The Wyandotte County Juvenile Services Center
The Wyandotte County Juvenile Services Center

Nicole DeHaven received paperwork from a sheriff’s deputy Tuesday afternoon alerting her that the child needed to be brought to the juvenile center. That paperwork, she said, also included an order that no “involved party” including her and her husband, was to contact the media or have others contact the media on their behalf to “be present or involved in the delivery of the child.”

“Should anyone violate this order, each person will be subject to a fine of up to $1,000 by this court,” the paperwork said.

Sen. Molly Baumgardner, a Louisburg Republican, has been a vocal advocate for the family for several months. She and other lawmakers have listened to the DeHavens tell their story on multiple occasions as the couple looked for help in Topeka.

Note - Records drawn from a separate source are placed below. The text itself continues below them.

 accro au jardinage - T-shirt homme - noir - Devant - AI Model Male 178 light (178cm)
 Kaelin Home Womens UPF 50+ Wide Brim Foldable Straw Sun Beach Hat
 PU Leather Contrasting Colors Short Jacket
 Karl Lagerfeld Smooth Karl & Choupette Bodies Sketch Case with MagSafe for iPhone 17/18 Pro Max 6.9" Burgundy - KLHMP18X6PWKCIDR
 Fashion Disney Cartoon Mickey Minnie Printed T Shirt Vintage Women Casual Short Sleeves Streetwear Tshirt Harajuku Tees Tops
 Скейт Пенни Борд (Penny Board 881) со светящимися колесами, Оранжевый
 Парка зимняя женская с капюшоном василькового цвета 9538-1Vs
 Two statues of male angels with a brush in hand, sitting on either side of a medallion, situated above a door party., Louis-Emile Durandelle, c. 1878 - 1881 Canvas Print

“I think it’s very interesting that we’re talking about a gag order, a private gag order in paperwork delivered by law enforcement,” Baumgardner told The Star Tuesday. “... All of this has been shrouded and cloaked in secrecy and that’s not how the judicial branch should operate.”

Baumgardner said that officials and legislators have been “working on this non stop for the last 24 hours.”

“Republicans and Democrats in both the House and Senate are dumbfounded by this decision of the courts and by absolutely ignoring the authority of the secretary of DCF,” Baumgardner said.

Now the family said they fear that those moments inside the juvenile center Tuesday afternoon, with “our daughter” in a princess dress and a faint chocolate circle leftover from breakfast around her mouth, will be the last time they see her.

“I feel like I planned my daughter’s funeral today,” Nicole said. “... We’re afraid that she’s going to think that we didn’t love her. And that she did something wrong. And that’s why we gave her away.”